Beats on drums play a central role in the whale hunting ceremonies of the Makah people of Washington state. Songs are used to ease paddling, to welcome whales to the village, and to praise returning hunters. Makah artist, McCarty, is both a musician and a carver. His depiction of the sea serpent, harpoon, and North Star honors the traditional hunting methods of his Makah ancestors.

 sago jar

Sago storage jar
Aibom Village, East Sepik Province, Papua New Guinea
PM 2008.20.39

Pottery is the most prolific craft of the Aibom people who live along the clay-rich Sepik River region of Papua New Guinea. Small pots such as this are commonly used to store sago, an edible starch extracted from the trunk of the sago palm tree. Women collect the clay from pits near their village and shape the pot’s walls by forming coils that are pinched and pressed together. Men then decorate the pieces with sculptures depicting animal or human faces to embody the spirit of village ancestors.

 Pueblo dancer, painting

Painting, dancer
Tonita Peña Arquero “Quah Ah” (1893—1949), San Ildefonso and Cochita, New Mexico
PM 2008.20.46

Tonita Peña Arquero is best known for her detailed and colorful portraits of pueblo life. Ceremonial scenes are common subjects of her artwork, including both individual dancers and groups of dancers. Peña moved beyond customs that allowed only men to paint living figures, becoming the only woman in an artistic movement called the San Ildefonso Self-Taught Group. Her depictions of traditional pueblo customs through a nontraditional medium have made her an influential figure in contemporary Native American art.


southwestern pots

Southwest pottery
Patty Maho, (1903—1993), Hopi-Tewa, Arizona
PM 2008.20.21, Pm 2008.20.28

The swirling beaks and angled feathers of Patty Maho’s pottery are typical of the Sikyatki Revival style. Named after a 14th- to 17th-century Hopi village, Sikyatki is a decorative style using abstract representations of birds and flora. Maho’s predecessors, including the well-known potter Nampeyo (1860—1942), revived these motifs in the late 1800s. While the source of the inspiration remains a question, some suggest the revival resulted from potters’ exposure to archaeological excavations in Hopi villages.

 woven textile

Tree of Life Pictorial Weaving
Darlene Nez, Navajo, Arizona or New Mexico
PM 2008.20.61

Pictorial Navajo rugs emerged as a result of 19th-century tourism and the introduction of synthetically dyed yarn to the U.S Southwest. Weavers experimented with new colors and designs. They expanded beyond traditional geometric shapes and patterns to incorporate images of objects, animals, and pueblo scenes.
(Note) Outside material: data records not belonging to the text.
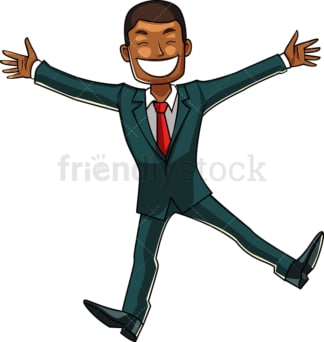 Black businessman doing happy dance. PNG - JPG and vector EPS file formats (infinitely scalable). Image isolated on transparent background.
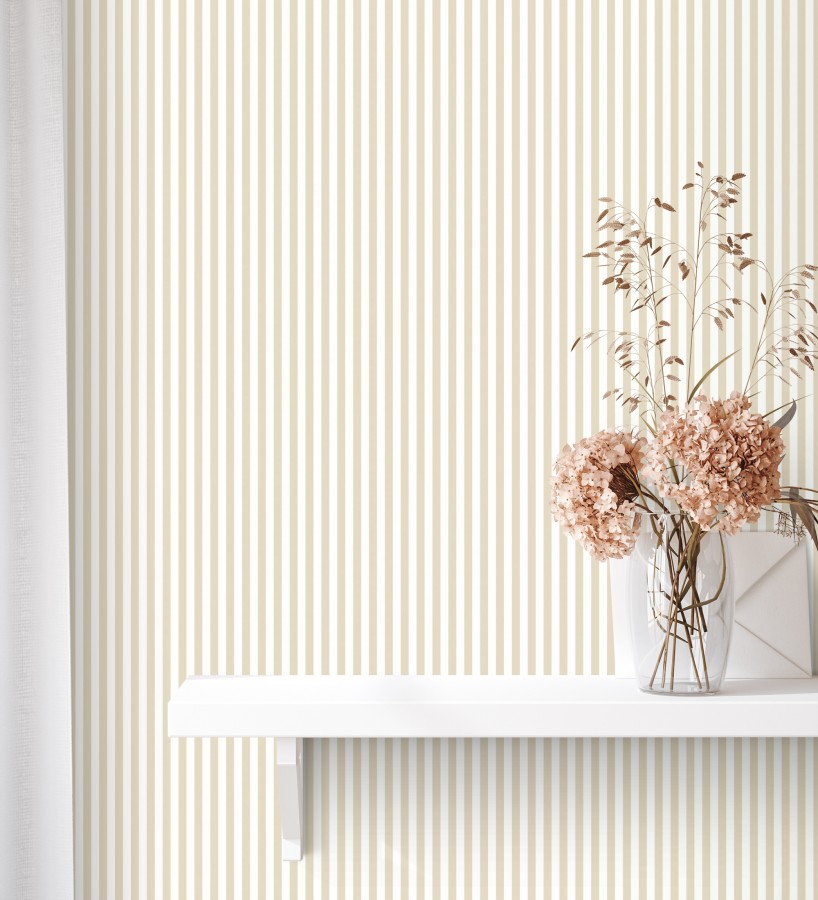 Papel pintado rayas finas infantiles beige y blancas  Andy Stripes 684489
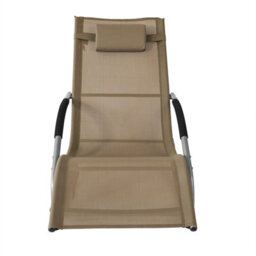 Sobuy Ogs28-Br, Outdoor Garden Rocking Sun Lounger Recliner Relaxing Chair With Headrest And Side Bag,brown,w147Xd63Xh85 - thumbnail 1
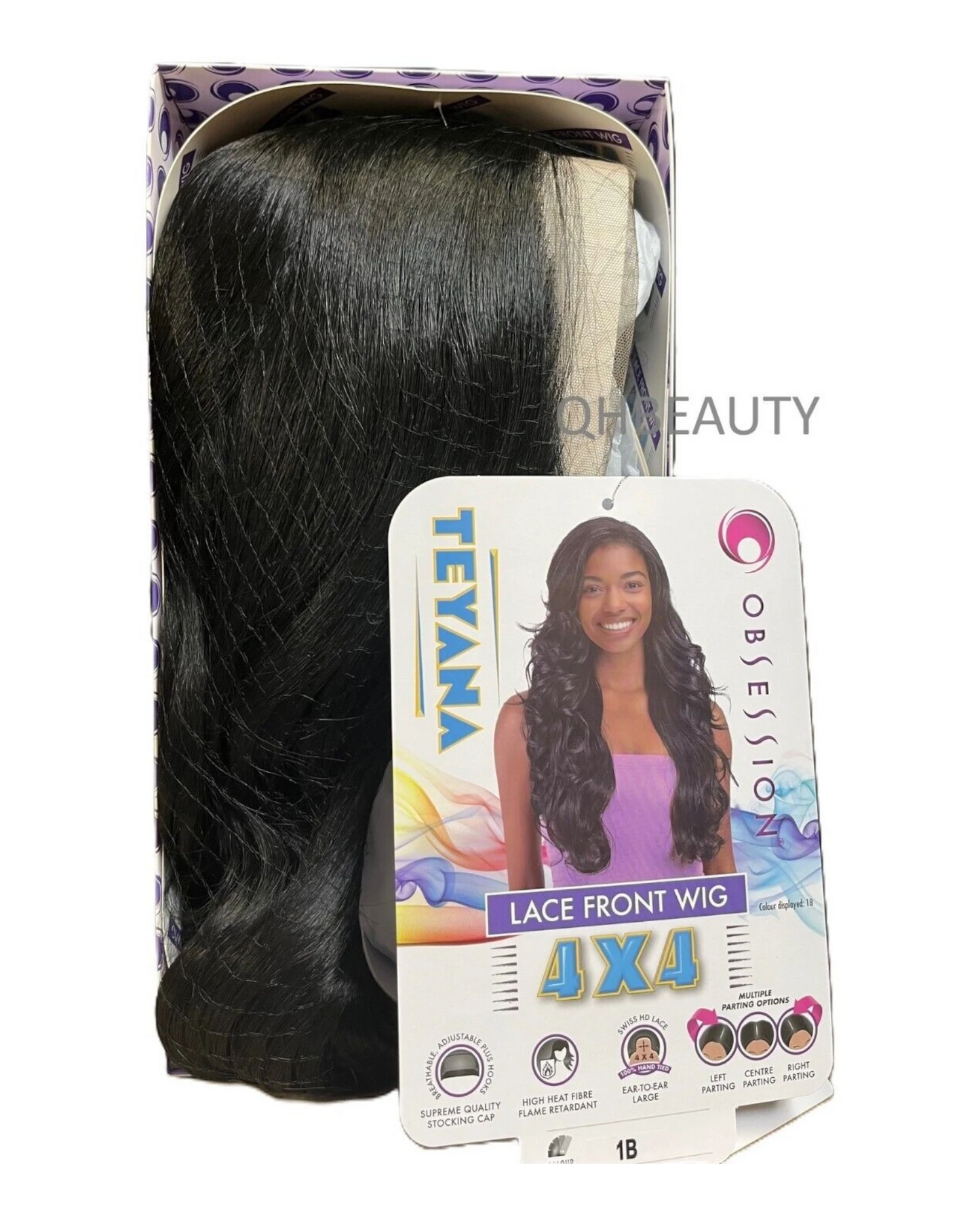 Obsession Synthetic Swiss HD 4x4 Lace Front Free Part Curly Hair Wig - TEYANA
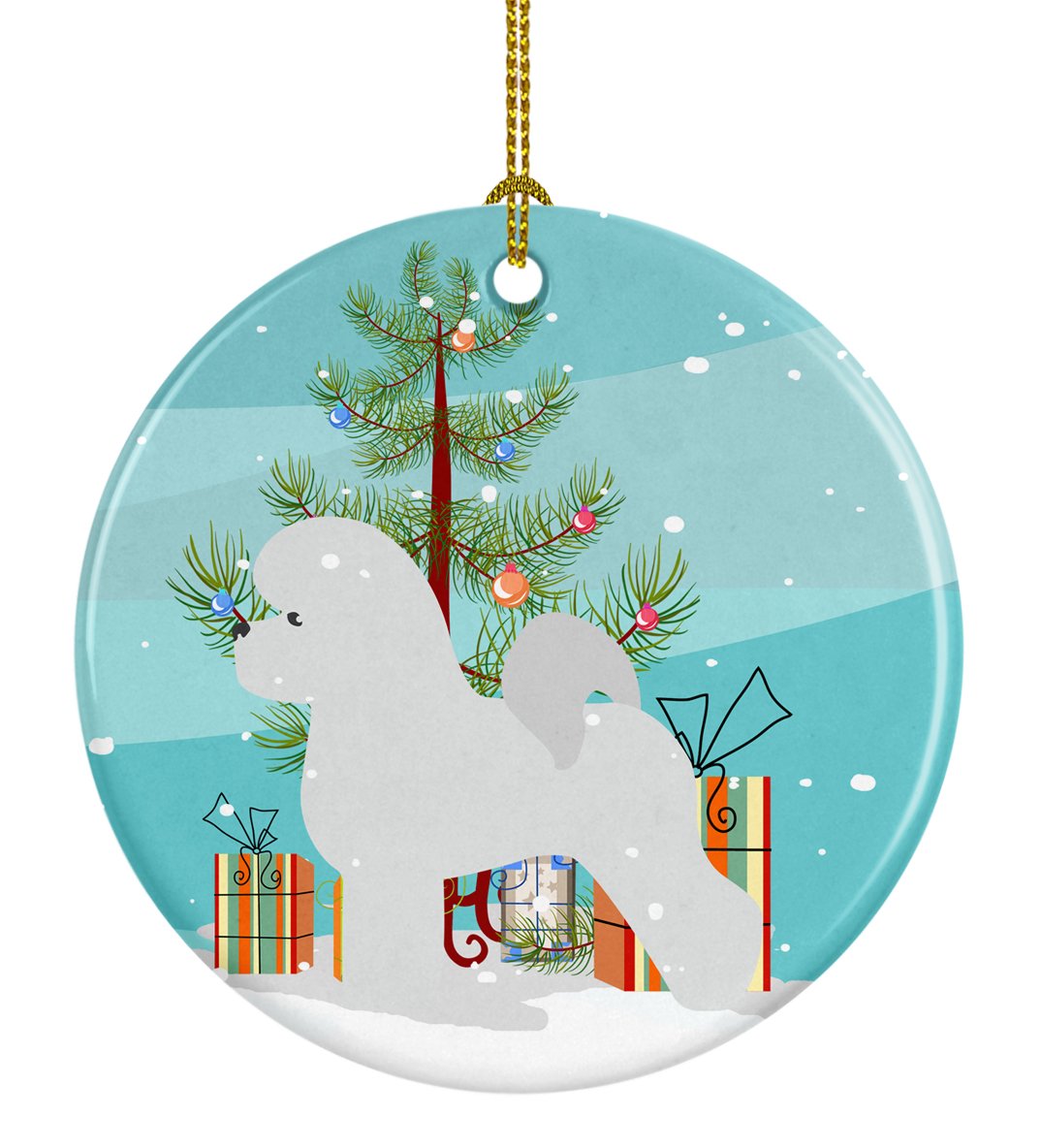 Bichon Frise Merry Christmas Tree Ceramic Ornament BB2963CO1 by Caroline&#39;s Treasures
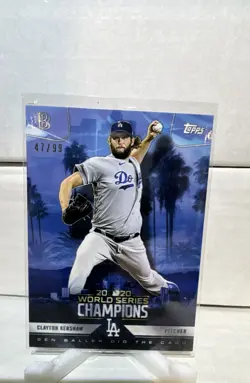 2020 Topps BB 2020 World Series Champions - Clayton Kershaw #1 — #/99 - Image 1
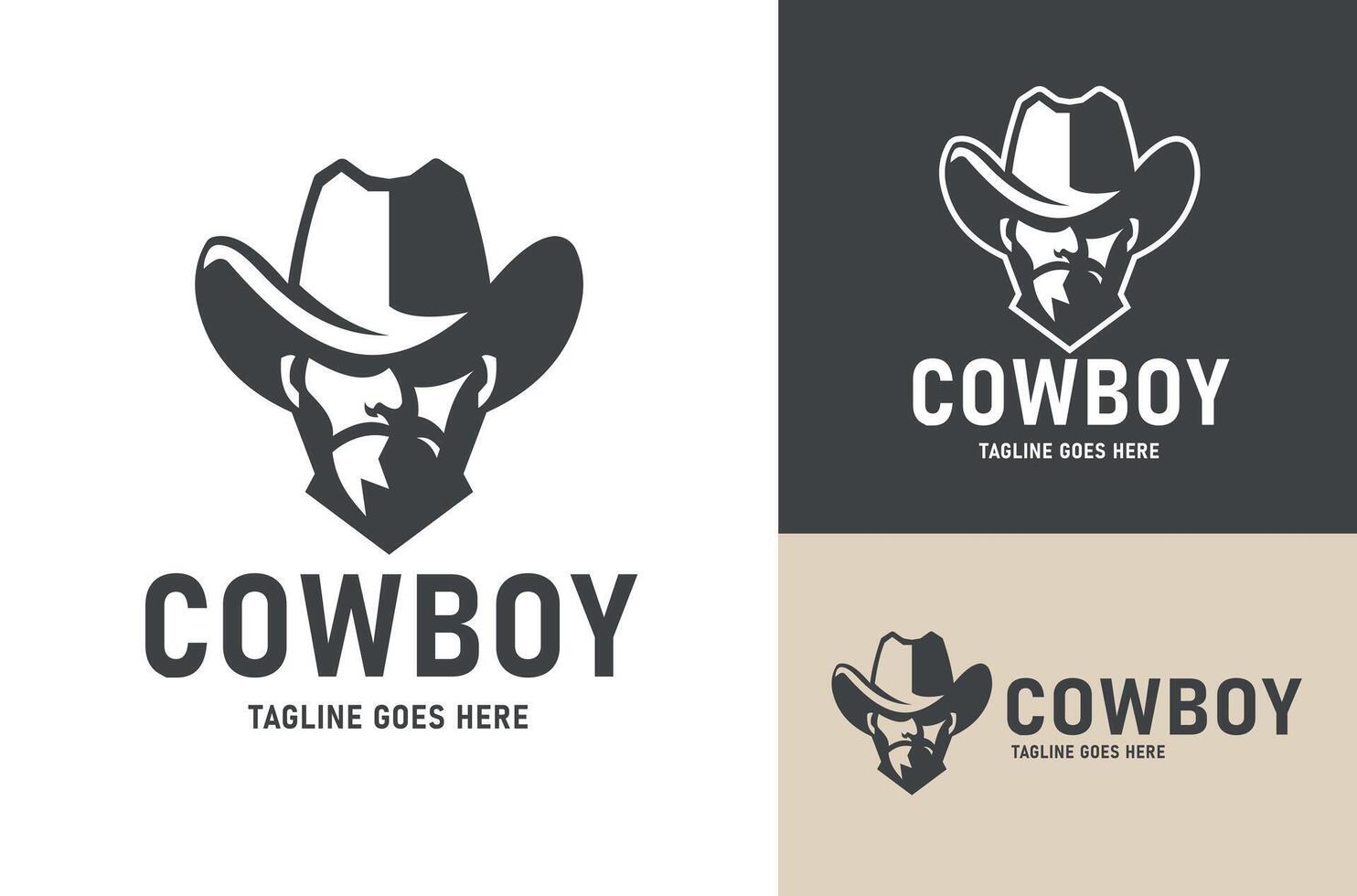 Wild West Gangster Cowboy silhouette illustration, Sniper Vintage Retro Design template with various backgrounds vector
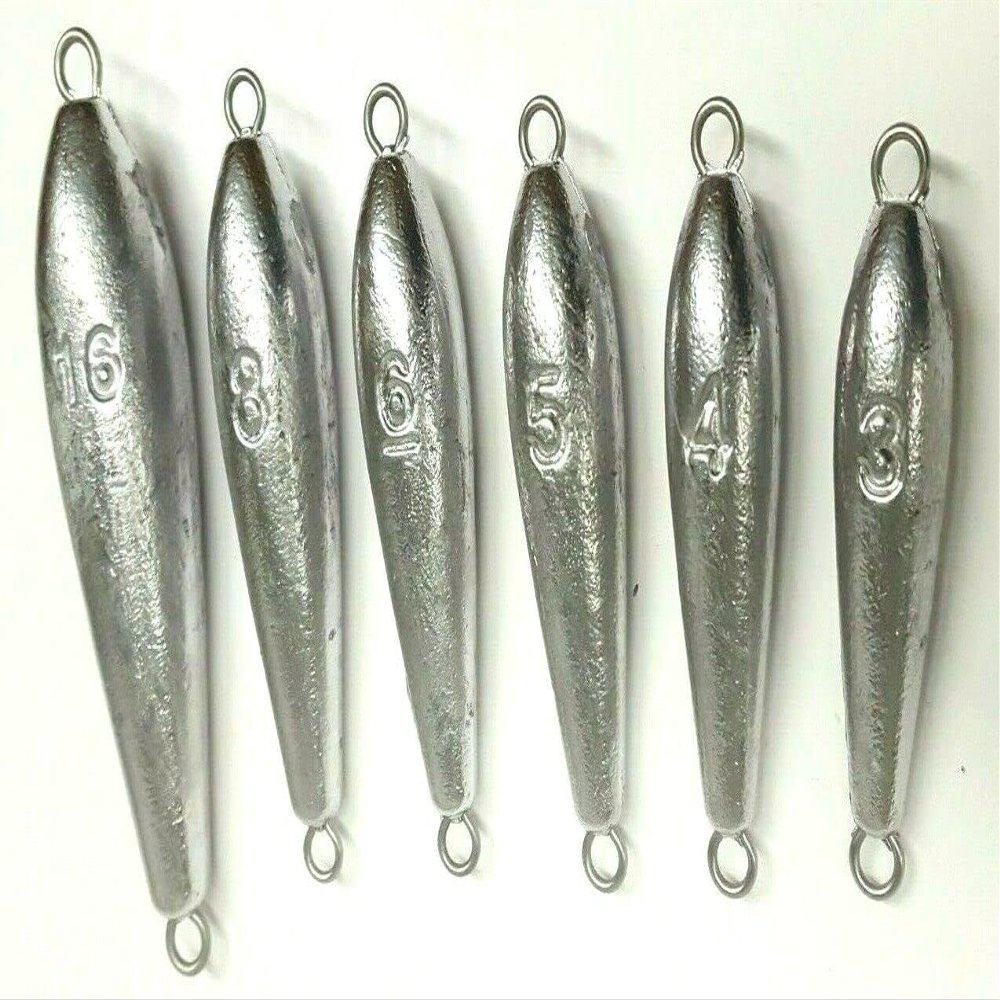 10 Straight Inline Trolling Torpedo Sinker Fishing Weight Lures -Choose Size (16oz)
This rug depicts a popular pattern called the “Tree of Life.” Birds surround two cornstalks growing from baskets of cornmeal. Stylized mesas rise in the background.

 coiled basket

Coiled lidded basket, c. 1910
Yup’ik Village, Eskimo, Alaska
PM 2008.20.1

This globular example of grass basketry is common in the Yup’ik villages of western Alaska. The red and brown decorative elements are made of seal gut, a watertight material also used for raincoats and window coverings in the Northwest Coast. The seal gut is applied to the basket using imbrication, a technique in which the material is folded under the stitch on the outer surface of the basket.